The Ideal Gas Law is a key concept in chemistry and physics, providing a simple relationship between pressure, volume, and temperature for an ideal gas. It is expressed by the equation:\[ PV = nRT \]Where:

• \(P\) is the pressure of the gas.
• \(V\) is the volume occupied by the gas.
• \(n\) is the amount of substance of the gas, measured in moles.
• \(R\) is the ideal gas constant, which equals 0.0821 L atm/mol K.
• \(T\) is the temperature of the gas in Kelvin.

This law is used to calculate one variable among the state variables when the others are known. In scenarios like calculating the concentration of a gas inside a pipe, it proves to be incredibly useful. By understanding the Ideal Gas Law, students can predict how gas behaves under various conditions such as changes in temperature or pressure.

Mass Flow Rate

Mass flow rate is an important concept that describes the quantity of mass passing through a given surface per unit of time. It helps in understanding how quickly a substance is moving through a system. In diffusion, mass flow rate is particularly significant as it tells us how fast a gas is escaping or being absorbed through materials like a pipe wall. Calculating mass flow rate involves knowing the area, diffusion coefficient, concentration difference, and the thickness of the medium, as described by Fick’s Law. The formula for mass flow rate in Fick's Law is:\[ \dot{m} = -D_{AB}A\frac{\Delta C}{\delta} \]This calculation provides insight into various systems, such as how efficiently a gas can permeate through barriers, and enables engineers to design systems that control or utilize such flows.

Diffusion Coefficient

The diffusion coefficient, denoted as \(D_{AB}\), is a measure that quantifies how a substance diffuses through a medium. It is essential in predicting and calculating the rate at which substances spread out. This value varies depending on both the substrate through which diffusion occurs and the temperature. Factors Influencing Diffusion Coefficient:

• **Medium Type:** Solids, liquids, and gases each have different resistances to diffusion.
• **Temperature:** Higher temperatures typically increase diffusion coefficients, as particles have more energy to move.
• **Nature of Species:** Different substances have different molecular sizes and characteristics, affecting their diffusion rates.

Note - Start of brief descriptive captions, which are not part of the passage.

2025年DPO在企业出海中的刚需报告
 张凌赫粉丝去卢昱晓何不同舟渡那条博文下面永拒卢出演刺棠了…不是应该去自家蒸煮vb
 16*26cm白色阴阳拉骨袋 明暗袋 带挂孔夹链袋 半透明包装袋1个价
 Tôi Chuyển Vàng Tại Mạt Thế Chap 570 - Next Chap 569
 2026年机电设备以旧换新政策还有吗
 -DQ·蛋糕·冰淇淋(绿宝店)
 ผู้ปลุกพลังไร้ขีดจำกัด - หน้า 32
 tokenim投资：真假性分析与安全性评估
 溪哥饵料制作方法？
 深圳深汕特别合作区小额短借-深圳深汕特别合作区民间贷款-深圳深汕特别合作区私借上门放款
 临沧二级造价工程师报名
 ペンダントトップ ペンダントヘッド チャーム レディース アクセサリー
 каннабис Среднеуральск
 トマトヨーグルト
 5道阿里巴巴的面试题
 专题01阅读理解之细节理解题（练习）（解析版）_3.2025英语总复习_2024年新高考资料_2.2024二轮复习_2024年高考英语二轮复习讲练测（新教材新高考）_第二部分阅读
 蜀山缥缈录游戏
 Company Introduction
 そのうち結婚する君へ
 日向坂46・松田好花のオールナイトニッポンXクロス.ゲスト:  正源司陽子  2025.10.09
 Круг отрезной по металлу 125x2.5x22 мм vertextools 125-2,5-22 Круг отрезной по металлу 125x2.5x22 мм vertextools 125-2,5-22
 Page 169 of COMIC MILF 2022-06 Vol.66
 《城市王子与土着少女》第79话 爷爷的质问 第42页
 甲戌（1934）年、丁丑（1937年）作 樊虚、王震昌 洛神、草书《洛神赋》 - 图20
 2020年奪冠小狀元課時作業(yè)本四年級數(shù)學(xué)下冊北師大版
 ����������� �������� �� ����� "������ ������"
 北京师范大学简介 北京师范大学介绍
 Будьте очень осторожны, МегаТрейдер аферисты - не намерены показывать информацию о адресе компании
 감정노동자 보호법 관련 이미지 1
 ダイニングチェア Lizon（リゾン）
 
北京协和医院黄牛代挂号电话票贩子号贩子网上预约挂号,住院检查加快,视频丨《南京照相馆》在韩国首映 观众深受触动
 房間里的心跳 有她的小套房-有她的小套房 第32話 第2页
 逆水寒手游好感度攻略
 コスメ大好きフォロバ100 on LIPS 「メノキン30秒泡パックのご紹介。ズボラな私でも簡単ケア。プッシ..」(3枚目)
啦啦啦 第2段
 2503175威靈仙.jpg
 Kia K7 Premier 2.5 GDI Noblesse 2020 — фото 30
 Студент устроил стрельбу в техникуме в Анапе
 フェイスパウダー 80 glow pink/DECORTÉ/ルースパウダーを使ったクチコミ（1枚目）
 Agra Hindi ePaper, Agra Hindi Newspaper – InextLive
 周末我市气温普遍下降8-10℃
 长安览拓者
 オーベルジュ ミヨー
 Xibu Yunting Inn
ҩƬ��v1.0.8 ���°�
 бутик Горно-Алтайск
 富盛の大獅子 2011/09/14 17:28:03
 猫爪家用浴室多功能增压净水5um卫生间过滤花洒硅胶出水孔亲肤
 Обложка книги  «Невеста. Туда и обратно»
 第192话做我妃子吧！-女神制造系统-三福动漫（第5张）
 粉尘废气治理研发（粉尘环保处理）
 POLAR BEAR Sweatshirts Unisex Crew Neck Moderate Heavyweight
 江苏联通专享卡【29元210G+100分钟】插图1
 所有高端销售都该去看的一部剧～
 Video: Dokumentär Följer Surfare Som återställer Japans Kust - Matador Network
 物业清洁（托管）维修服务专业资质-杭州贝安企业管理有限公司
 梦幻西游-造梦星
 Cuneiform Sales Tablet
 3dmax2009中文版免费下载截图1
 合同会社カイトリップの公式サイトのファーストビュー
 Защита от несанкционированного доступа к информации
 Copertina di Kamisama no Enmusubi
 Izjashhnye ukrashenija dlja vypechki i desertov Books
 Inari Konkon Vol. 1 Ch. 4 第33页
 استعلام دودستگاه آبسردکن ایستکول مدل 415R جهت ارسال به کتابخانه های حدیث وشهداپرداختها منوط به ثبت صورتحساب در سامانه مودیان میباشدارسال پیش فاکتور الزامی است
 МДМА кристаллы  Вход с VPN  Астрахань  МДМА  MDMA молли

In the given problem, the diffusion coefficient of \(\mathrm{N}_2\) through rubber was provided as \(1.6 \times 10^{-9} \mathrm{~m^2/s}\). This value indicates how fast \(\mathrm{N}_2\) gas molecules move through the rubber material. Understanding the diffusion coefficient is crucial for designing processes and systems involving mass transfer, like controlling leakage in pipes or materials.